Supply chains also have faced increasing risk and frequent disruptions. Supply chain managers (SCMs) have been unable to tackle adversities with the existing infrastructure and resources they are limited to.
Supply chains, thus, need to change. Business leaders, however, have been slow to realise that. Supply chain management by itself is becoming a futile option to sustaining the viabilities of supply chains.
A supply chain is a conglomeration of relationships within & between enterprises which transact, convert, & move merchandise from one operation to the next, starting from the sources (e.g. raw materials) to their ends (i.e., the final end-users). They’re not really chains that are linearly connected by ‘links;’ they branch out like trees. They’re not eco-systems as glorified by some so-called experts; supply chains aren’t jungles. Contracts between individuals & enterprises doing business with each other determine how supply chains operate.
Industrial engineers are most qualified to improve supply chains. IEs would have the competent abilities to tackle the complex systems & structures underlying supply chains, given that they are based on relationships. IEs would have the experience in optimising the methods & frameworks used in supply chain operations. IEs also have the talents to focus on the holistic designs of systems as much as on the processes of specific activities.

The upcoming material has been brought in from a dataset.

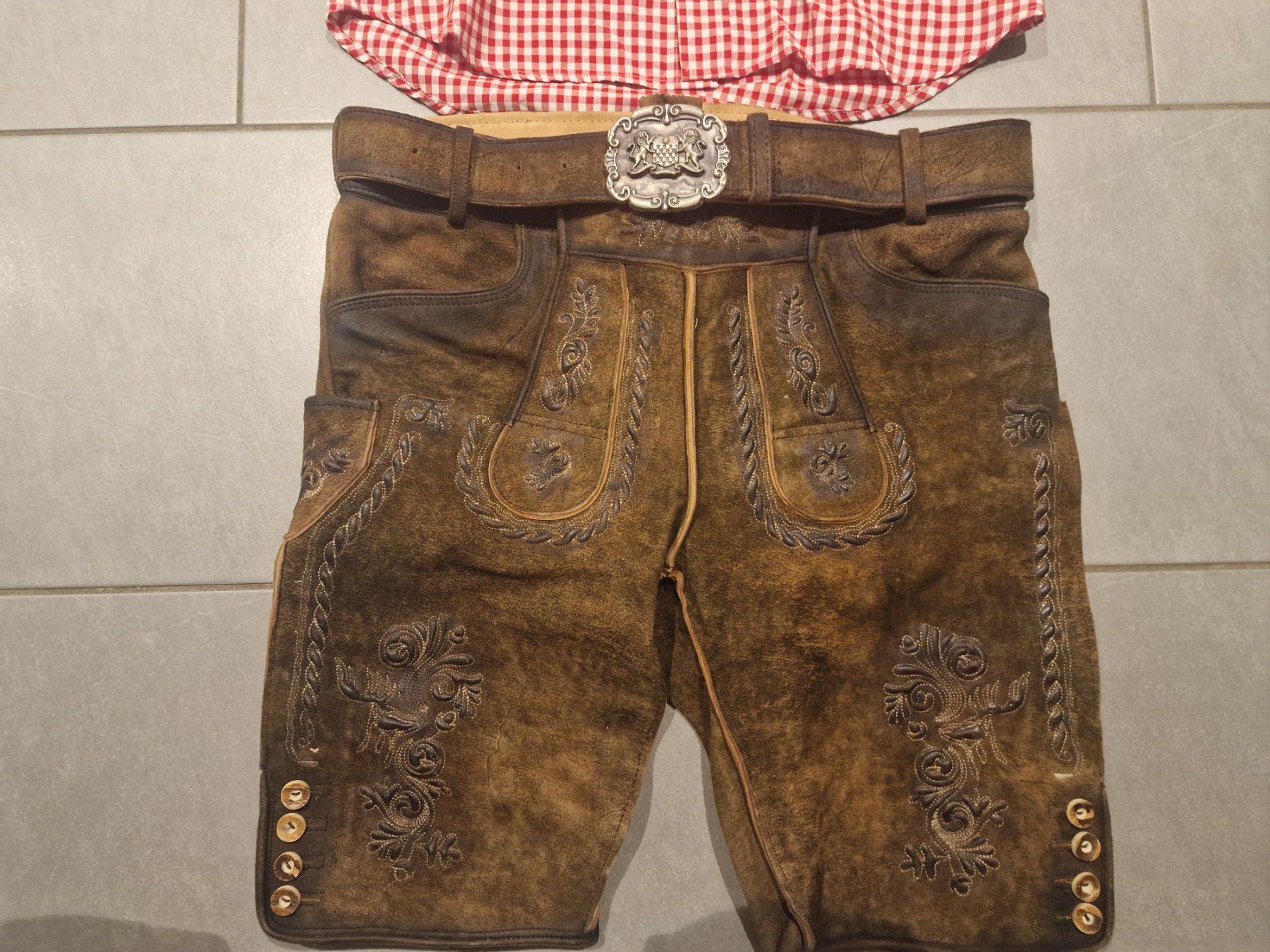 Costumi: Schöne handmade Stockerpoint Lederhose mit Trachtenhemd – Nuovo (secondo la descrizione) da Bonstetten venduto da Foxi11 1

IEs would engineer our supply chains, not manage them. Supply chains present a splendid opportunity for IEs to show off their prowess in problem solving and productivity improvements.
We don’t need to be endorsed by professional associations or private groups to be recognised as IEs. We just need to do what the early engineers did more than a century ago, i.e., we should solve problems and build systems via our own initiatives. We should proactively innovate, invent, & implement solutions.
Nowhere is it more promising to present our IE capabilities than in existing supply chains. There is much potential, if not so many problems, waiting to be worked on in supply chains.
We don’t need to join a club to justify ourselves. We just need to show what we can do.
Some would specialize, look at the trees and introduce changes for the better.
Some would look at the forest and introduce changes for the better.
The objective shall always be to perform better on a continuing basis.
The challenge is how to transform strategies from good to better.
The greater challenge is how to transform strategies from best to better.
The greatest challenge is how to transform our mindset that there will always be a better way of improving the best today.
We would like to call it continuous improvement.